▼
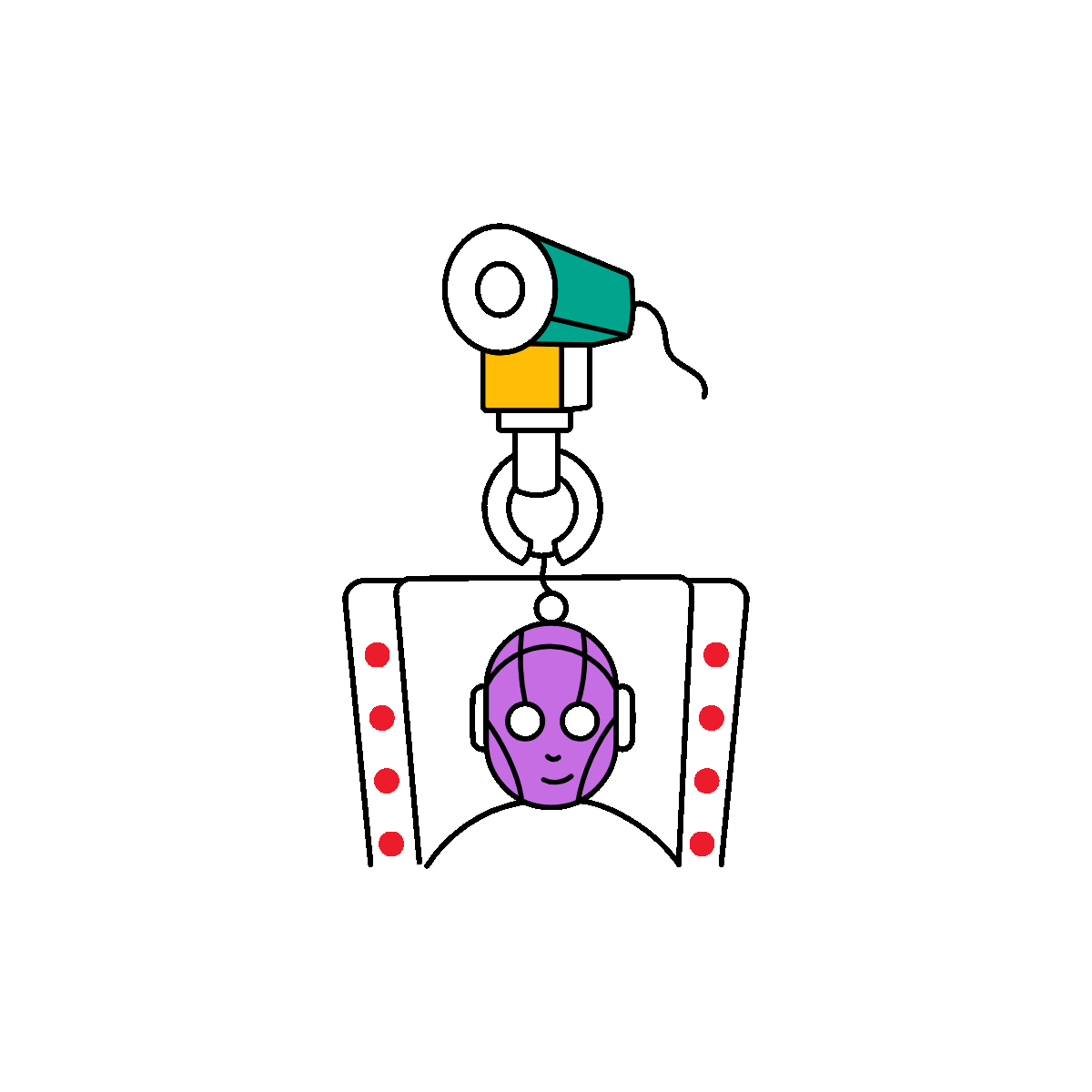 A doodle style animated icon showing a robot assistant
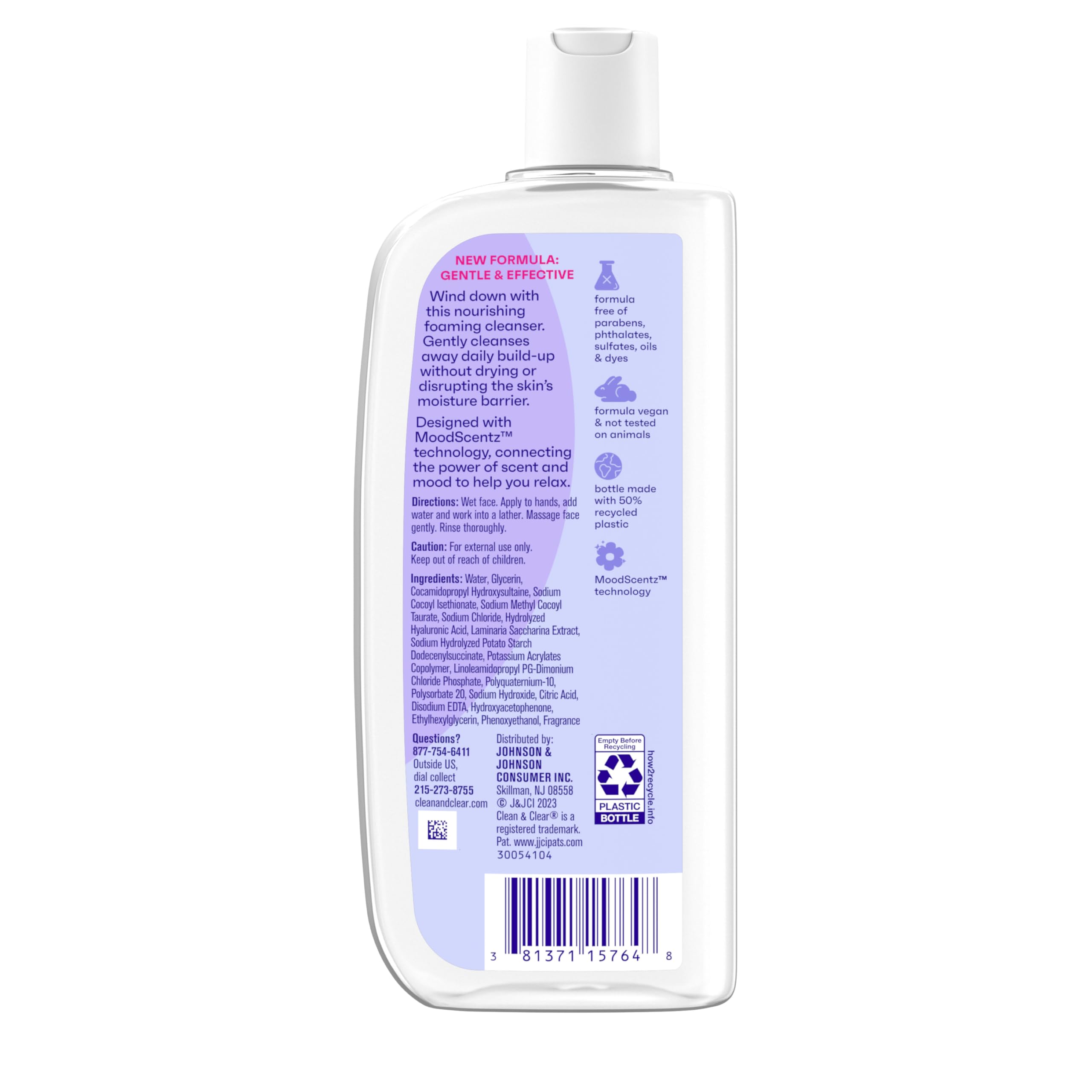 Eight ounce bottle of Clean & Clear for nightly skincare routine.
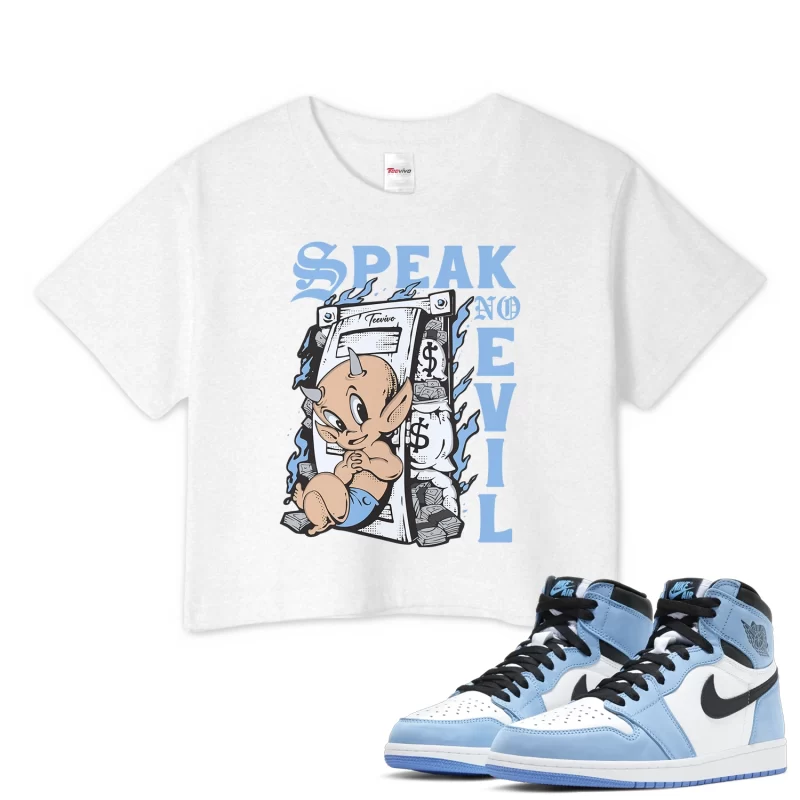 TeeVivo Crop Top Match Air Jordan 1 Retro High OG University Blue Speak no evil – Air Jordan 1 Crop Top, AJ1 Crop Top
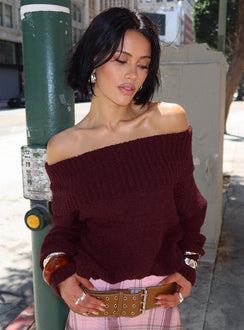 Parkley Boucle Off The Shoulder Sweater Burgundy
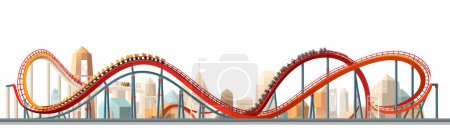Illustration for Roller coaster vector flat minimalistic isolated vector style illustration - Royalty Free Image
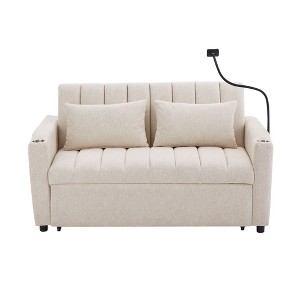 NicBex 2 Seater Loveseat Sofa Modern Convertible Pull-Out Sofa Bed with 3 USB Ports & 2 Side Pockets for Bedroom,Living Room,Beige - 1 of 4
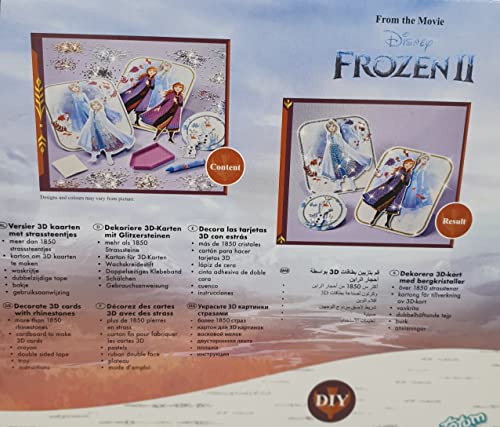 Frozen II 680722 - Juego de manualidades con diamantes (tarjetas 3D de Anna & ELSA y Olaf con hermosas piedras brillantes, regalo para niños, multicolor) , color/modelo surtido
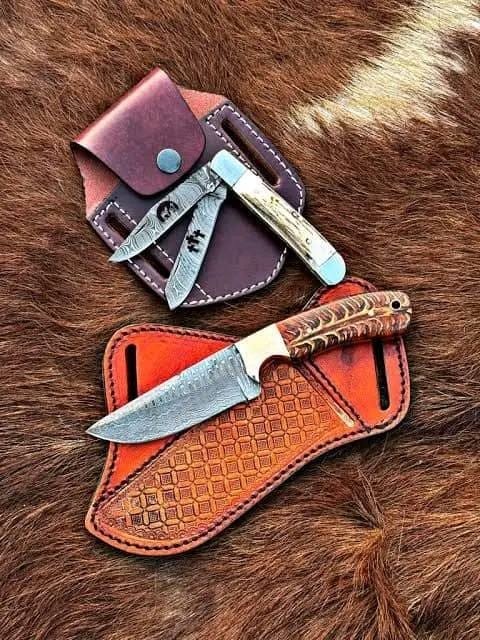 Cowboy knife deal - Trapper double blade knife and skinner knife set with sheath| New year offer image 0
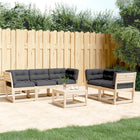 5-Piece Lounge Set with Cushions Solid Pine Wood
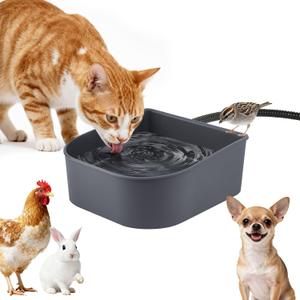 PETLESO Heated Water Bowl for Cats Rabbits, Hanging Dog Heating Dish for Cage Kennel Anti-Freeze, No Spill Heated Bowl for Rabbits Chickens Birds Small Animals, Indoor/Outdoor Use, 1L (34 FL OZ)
▲
**Problem requirements**
Output the full material exactly as given, without its pictures.

**Response to the task**
 A doodle style animated icon showing a robot assistant
 Eight ounce bottle of Clean & Clear for nightly skincare routine.
 TeeVivo Crop Top Match Air Jordan 1 Retro High OG University Blue Speak no evil – Air Jordan 1 Crop Top, AJ1 Crop Top
 Parkley Boucle Off The Shoulder Sweater Burgundy
Illustration for Roller coaster vector flat minimalistic isolated vector style illustration - Royalty Free Image
 NicBex 2 Seater Loveseat Sofa Modern Convertible Pull-Out Sofa Bed with 3 USB Ports & 2 Side Pockets for Bedroom,Living Room,Beige - 1 of 4
 Frozen II 680722 - Juego de manualidades con diamantes (tarjetas 3D de Anna & ELSA y Olaf con hermosas piedras brillantes, regalo para niños, multicolor) , color/modelo surtido
 Cowboy knife deal - Trapper double blade knife and skinner knife set with sheath| New year offer image 0
 5-Piece Lounge Set with Cushions Solid Pine Wood
 PETLESO Heated Water Bowl for Cats Rabbits, Hanging Dog Heating Dish for Cage Kennel Anti-Freeze, No Spill Heated Bowl for Rabbits Chickens Birds Small Animals, Indoor/Outdoor Use, 1L (34 FL OZ)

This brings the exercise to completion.